For recent Paly grad, Shireen Jaffer, it shouldn’t be an either/or. “With such a tremendous focus on academics in high schools, professional development is being overlooked,” she says. “But these life skills are essential for future success.” 

She took Paly’s Life Skills class, but it didn’t offer professional development. “At no time during my high school experience did I learn how to interview, how to create a resume, how to dress for success. Our college application system is geared to high grades and high SATs and this leaves large gaps in the truly essential life skills students need.”

Now in her first year at University of Southern California, Shireen was dismayed to learn how few of her classmates have professional development skills. 

"I see my college aged friends who are brilliant in school but are missing basic professional skills and as a result are missing out on critical career opportunities," she says.

When a close friend who is a junior at USC lost an important internship opportunity because she didn’t know the fundamentals of interviewing, Shireen knew she had to do something.  So, Shireen has launched her own start-up called, Project Suit Up.

Her company offers high school students basic professional skill development training.
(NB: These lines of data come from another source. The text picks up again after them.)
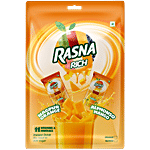 Rasna Rich Nagpur Orange 576 g (24 Sachets X 24 g)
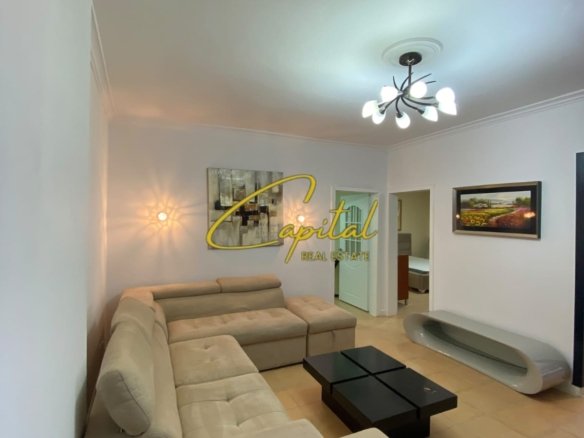 APARTAMENT ME QIRA 2+1 KRISTAL CENTER 90.000 LEKE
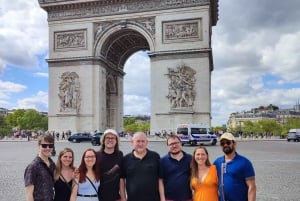 Lo mejor de París: tour a pie de los 40 favoritos 5 horas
Still in beta phase, she has reached out to Paly and Gunn inviting them to partner by offering the program to their high school students at a reduced rate.

It remains to be seen if they will have the foresight and wisdom of the teachers, parents, and administators of the JLS middle school. 

In the meantime, Paul and his classmates have been given a far too unique opportunity to learn what it means to present yourself in a professionally polished way. Given what I saw during the Exit Interview Day, their futures look bright.

 

Some of the reporting for this week’s column was completed by JLS eighth grader,Yuki Klotz-Burell. I met Yuki when I interviewed her on Exit Interview Day. She said her dream was to be a journalist and so I invited her to practice her skills by gathering information and by interviewing selected students and teachers. Her work was thorough and very professional. Now, she can add published reporter to her resume. Her bio is below:

Yuki Klotz-Burwell is a reader, writer, and an ice-skater. She's an 8th grader at JLS middle school, and is moving on to Gunn High school in August. She's signed up to take the journalism class at Gunn, and hopes to work on the school paper there. She loves to do basically anything creative, and to spend time with her family. In addition, she likes to spend her days ice-skating, dancing, and just hanging out with her friends.